I'm trying to pass an argument as a character to ggvis, but I'm getting an empty plot.
Reproducible example:
library(ggvis)
y <- c("mpg", "cyl")
ing <- paste0("x = ~ ", y[1], ", y = ~ ", y[2])
#works as intended
mtcars %>% ggvis(x = ~ mpg, y = ~ cyl) %>%
layer_points()
#gives empty plot
mtcars %>% ggvis( ing ) %>%
layer_points()
How is this different from the following approach in lm() thats works fine?
formula <- "mpg ~ cyl"
mod1 <- lm(formula, data = mtcars)
summary(mod1)
#works
Thanks
In the lm
case the string will be coerced to a class formula object internally. The ~
operator is what creates this formula object.
In the second case, ggvis
requires two separate formulas for x
and y
arguments.
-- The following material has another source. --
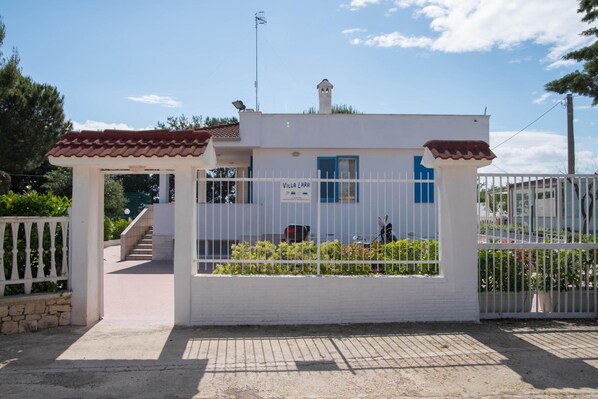 Un edificio blanco con una puerta azul y un letrero que dice 'Villa Lara'.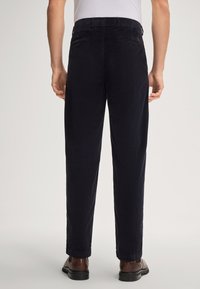 Marineblauwe corduroy broek met rechte snit, zichtbare stiksels en achterzakken met subtiele merktekens.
In your case you only have a long string that could be coerced into two separate formulas if split on comma (but this long string is not a a formula on its own).
So, the ggvis
function would need to be something like this in order to work:
#split the ing string into two strings that can be coerced into
#formulas using the lapply function
ing2 <- lapply(strsplit(ing, ',')[[1]], as.formula)
#> ing2
#[[1]]
#~mpg
#<environment: 0x0000000035594450>
#
#[[2]]
#~cyl
#<environment: 0x0000000035594450>
#use the ing2 list to plot the graph
mtcars %>% ggvis(ing2[[1]], ing2[[2]]) %>% layer_points()
But that wouldn't be a very efficient thing to do.